Но дело в том, что там, где было суждено родиться математике, – там естественным образом стала развиваться её противоположность. Так в природе происходит всегда и во всём. Великое, как правило, порождает рядом – Великое противоположное. И нечто антипатичное математике развилось именно там, где расцвело древо рационального, питающего свои корни из каменистой почвы математизма, подкрепляемое падающими и гниющими плодами цивилизации. Мистицизм и экзистенциализм, как и метафизика в целом, получили своё наиболее интенсивное развитие именно с расцветающем рядом «древом математизма и рационализма», черпающего свою непоколебимую истинность в очевидном. Для этих более «древних деревьев», получивших толчок к развитию с появлением мощного врага в виде «математизма и рационализма», всякая очевидная истинность, ещё более чем когда-либо, стала вызывать спазмы недоверия. Простота и пошлость математического рационализма, вызывала в них нечто сродни отвращения высокого духа, – к черни. И показное примирение, этих двух противоположностей, походит на примирение теистических организаций, – со светской властью. Может быть плохой мир лучше, чем добрая война, но подобные примирения вызывают недоверие как в одном стане, так и в противоположном.

Всякая функциональность в нашем мире построена на воззрениях «рационально-аналитических ганглий созерцания и осмысления». Их власть – очевидна. Наш мир движется в строго определённом направлении, и всякие «функционалы», различаемые в нём, непременно находят эту общую направленную динамику. Здесь плыть против течения, значит обречь себя на отвал. Как бы мы не думали иначе, но мы все вынуждены плыть в одном направлении, ибо мы рабы того миропорядка, который сами же и выстраиваем.

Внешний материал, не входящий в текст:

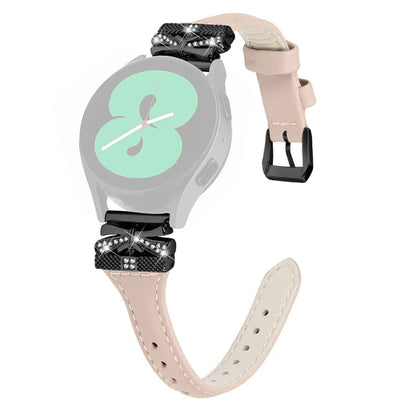 Black Buckle Watch Band for Huami Amazfit Cheetah Pro Butterfly Connector 20mm Wrist Strap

Мы создаём алгоритмы разумения, и следуем им, будучи уверенными, что иначе просто нельзя. Авторитет выстроенного слаженного механизма, в подавляющем большинстве случаев, для нас – непререкаем. Его доминанта словно закон природы, определяет не только всё наше поведение, но и образ мыслей. Это конечно удобно, ведь всякая слаженность и выверенность движений, всякая системность, доставляет нашей душе меньше страданий, чем выход из этой системности, где непредсказуемость пугает и угнетает. Но надо всегда помнить о том, что ветры, дующие всегда в одном направлении, засыпают песком всякий цветущий и радующий своим разнообразием сад, превращая всё и вся в однообразную пустыню. Всякая ровная поверхность радует глаз, но только несколько секунд, ибо она – скучна. И потому мы всегда будем стремиться как к системности, так и к выходу из неё.